*Work instructions*.
Carry over every entry exactly as written, though not the pictures it contains.

Recorded data
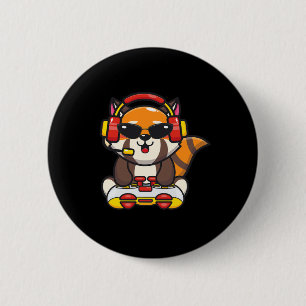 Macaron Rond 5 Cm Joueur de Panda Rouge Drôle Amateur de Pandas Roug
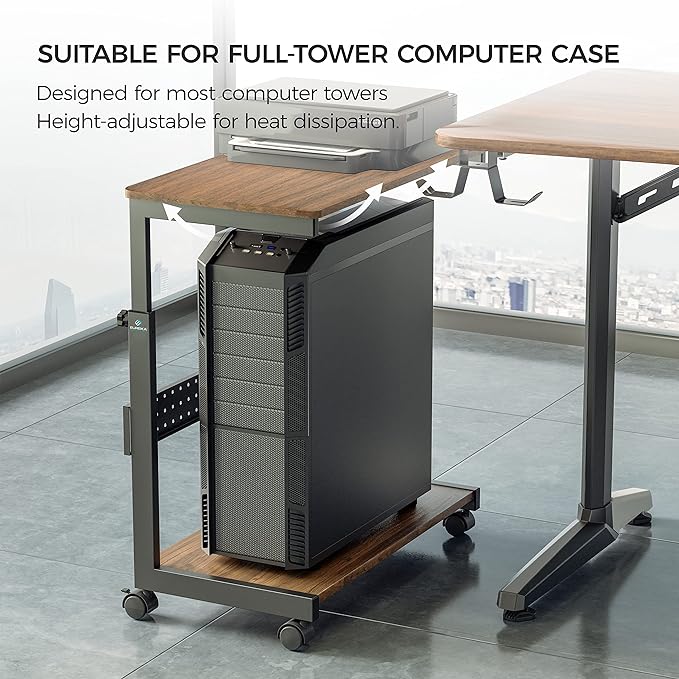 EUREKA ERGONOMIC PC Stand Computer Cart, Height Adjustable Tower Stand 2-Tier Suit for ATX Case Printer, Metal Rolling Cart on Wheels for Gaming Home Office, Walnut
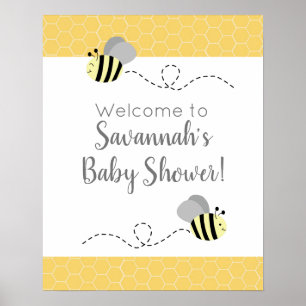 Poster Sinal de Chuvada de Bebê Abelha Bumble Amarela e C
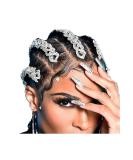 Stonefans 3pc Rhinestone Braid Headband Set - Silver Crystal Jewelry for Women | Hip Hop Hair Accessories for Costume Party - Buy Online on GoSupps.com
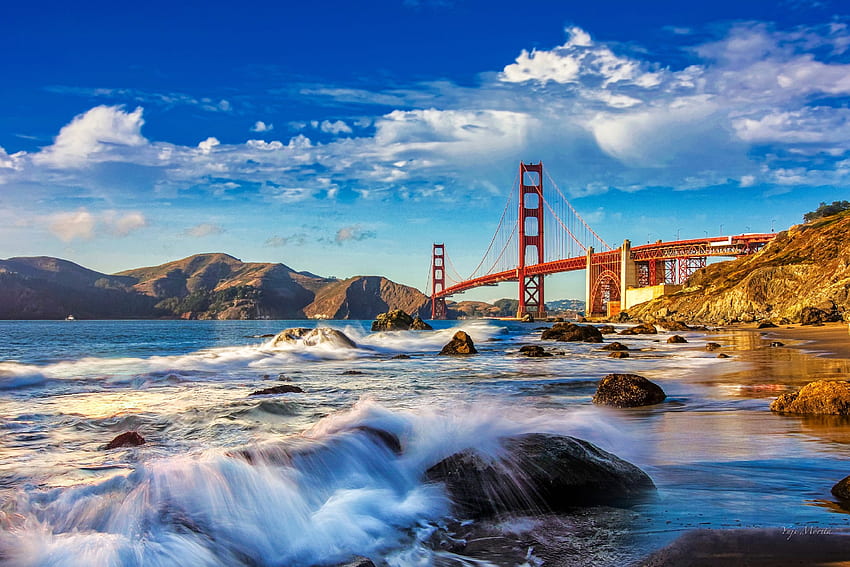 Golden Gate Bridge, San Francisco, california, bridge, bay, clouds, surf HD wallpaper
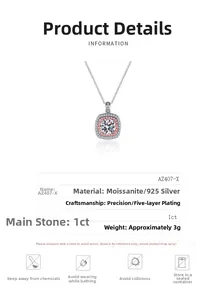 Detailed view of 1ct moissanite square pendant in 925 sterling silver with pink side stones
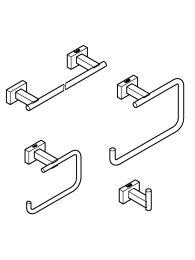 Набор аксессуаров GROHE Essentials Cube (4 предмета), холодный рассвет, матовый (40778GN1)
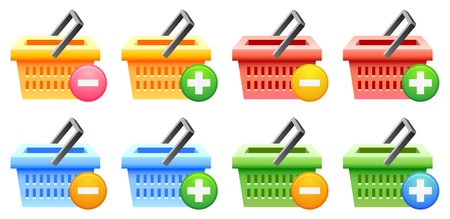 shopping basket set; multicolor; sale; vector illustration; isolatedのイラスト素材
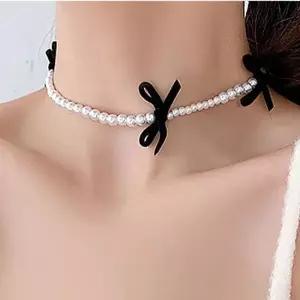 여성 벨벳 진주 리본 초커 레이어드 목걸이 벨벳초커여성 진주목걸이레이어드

*Solution for this task*.
 Macaron Rond 5 Cm Joueur de Panda Rouge Drôle Amateur de Pandas Roug
 EUREKA ERGONOMIC PC Stand Computer Cart, Height Adjustable Tower Stand 2-Tier Suit for ATX Case Printer, Metal Rolling Cart on Wheels for Gaming Home Office, Walnut
 Poster Sinal de Chuvada de Bebê Abelha Bumble Amarela e C
 Stonefans 3pc Rhinestone Braid Headband Set - Silver Crystal Jewelry for Women | Hip Hop Hair Accessories for Costume Party - Buy Online on GoSupps.com
 Golden Gate Bridge, San Francisco, california, bridge, bay, clouds, surf HD wallpaper
 Detailed view of 1ct moissanite square pendant in 925 sterling silver with pink side stones
 Набор аксессуаров GROHE Essentials Cube (4 предмета), холодный рассвет, матовый (40778GN1)
 shopping basket set; multicolor; sale; vector illustration; isolatedのイラスト素材
 여성 벨벳 진주 리본 초커 레이어드 목걸이 벨벳초커여성 진주목걸이레이어드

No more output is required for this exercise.